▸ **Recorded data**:
- - - - - - -

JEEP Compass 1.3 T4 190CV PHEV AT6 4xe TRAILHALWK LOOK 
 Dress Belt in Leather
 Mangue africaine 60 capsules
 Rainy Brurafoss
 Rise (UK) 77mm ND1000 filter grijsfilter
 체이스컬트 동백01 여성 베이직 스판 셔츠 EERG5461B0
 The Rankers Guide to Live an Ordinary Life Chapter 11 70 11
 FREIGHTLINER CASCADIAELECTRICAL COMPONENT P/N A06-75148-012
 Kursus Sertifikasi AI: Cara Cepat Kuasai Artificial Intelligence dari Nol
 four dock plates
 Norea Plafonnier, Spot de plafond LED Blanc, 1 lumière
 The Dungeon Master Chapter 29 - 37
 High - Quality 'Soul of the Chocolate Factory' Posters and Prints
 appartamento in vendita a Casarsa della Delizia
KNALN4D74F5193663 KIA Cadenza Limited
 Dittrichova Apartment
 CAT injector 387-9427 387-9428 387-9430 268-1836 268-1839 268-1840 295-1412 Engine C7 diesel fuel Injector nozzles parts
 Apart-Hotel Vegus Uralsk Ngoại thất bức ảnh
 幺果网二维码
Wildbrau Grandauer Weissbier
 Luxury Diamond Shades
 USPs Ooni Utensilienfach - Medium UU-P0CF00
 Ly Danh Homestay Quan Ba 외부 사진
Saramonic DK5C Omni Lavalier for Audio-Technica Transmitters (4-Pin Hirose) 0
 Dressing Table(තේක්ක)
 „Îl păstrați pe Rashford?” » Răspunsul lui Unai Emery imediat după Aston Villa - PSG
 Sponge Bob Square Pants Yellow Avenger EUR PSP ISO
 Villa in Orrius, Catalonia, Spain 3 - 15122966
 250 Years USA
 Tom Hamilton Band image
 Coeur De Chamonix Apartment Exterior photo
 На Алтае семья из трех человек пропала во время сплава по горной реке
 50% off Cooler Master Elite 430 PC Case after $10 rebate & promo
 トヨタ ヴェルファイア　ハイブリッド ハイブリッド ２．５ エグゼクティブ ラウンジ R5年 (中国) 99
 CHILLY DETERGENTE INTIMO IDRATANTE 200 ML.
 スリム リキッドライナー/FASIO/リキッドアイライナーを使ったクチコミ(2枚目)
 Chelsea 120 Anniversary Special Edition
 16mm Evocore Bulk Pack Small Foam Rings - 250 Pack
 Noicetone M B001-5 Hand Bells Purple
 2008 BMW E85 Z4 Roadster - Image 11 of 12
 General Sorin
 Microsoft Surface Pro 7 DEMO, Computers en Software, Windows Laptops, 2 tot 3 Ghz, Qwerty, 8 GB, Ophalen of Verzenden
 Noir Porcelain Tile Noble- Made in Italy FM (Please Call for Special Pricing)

- - - - - - -

▸ **Your assignment**:
The lines above starting at the one that contains "체이스컬트 동백01 여성 베이직 스판 셔츠 EERG5461B0" and ending at the one that contains "Coeur De Chamonix Apartment Exterior photo" must be transcribed exactly, and no other lines may appear.

▸ **Response for this exercise**:
 체이스컬트 동백01 여성 베이직 스판 셔츠 EERG5461B0
 The Rankers Guide to Live an Ordinary Life Chapter 11 70 11
 FREIGHTLINER CASCADIAELECTRICAL COMPONENT P/N A06-75148-012
 Kursus Sertifikasi AI: Cara Cepat Kuasai Artificial Intelligence dari Nol
 four dock plates
 Norea Plafonnier, Spot de plafond LED Blanc, 1 lumière
 The Dungeon Master Chapter 29 - 37
 High - Quality 'Soul of the Chocolate Factory' Posters and Prints
 appartamento in vendita a Casarsa della Delizia
KNALN4D74F5193663 KIA Cadenza Limited
 Dittrichova Apartment
 CAT injector 387-9427 387-9428 387-9430 268-1836 268-1839 268-1840 295-1412 Engine C7 diesel fuel Injector nozzles parts
 Apart-Hotel Vegus Uralsk Ngoại thất bức ảnh
 幺果网二维码
Wildbrau Grandauer Weissbier
 Luxury Diamond Shades
 USPs Ooni Utensilienfach - Medium UU-P0CF00
 Ly Danh Homestay Quan Ba 외부 사진
Saramonic DK5C Omni Lavalier for Audio-Technica Transmitters (4-Pin Hirose) 0
 Dressing Table(තේක්ක)
 „Îl păstrați pe Rashford?” » Răspunsul lui Unai Emery imediat după Aston Villa - PSG
 Sponge Bob Square Pants Yellow Avenger EUR PSP ISO
 Villa in Orrius, Catalonia, Spain 3 - 15122966
 250 Years USA
 Tom Hamilton Band image
 Coeur De Chamonix Apartment Exterior photo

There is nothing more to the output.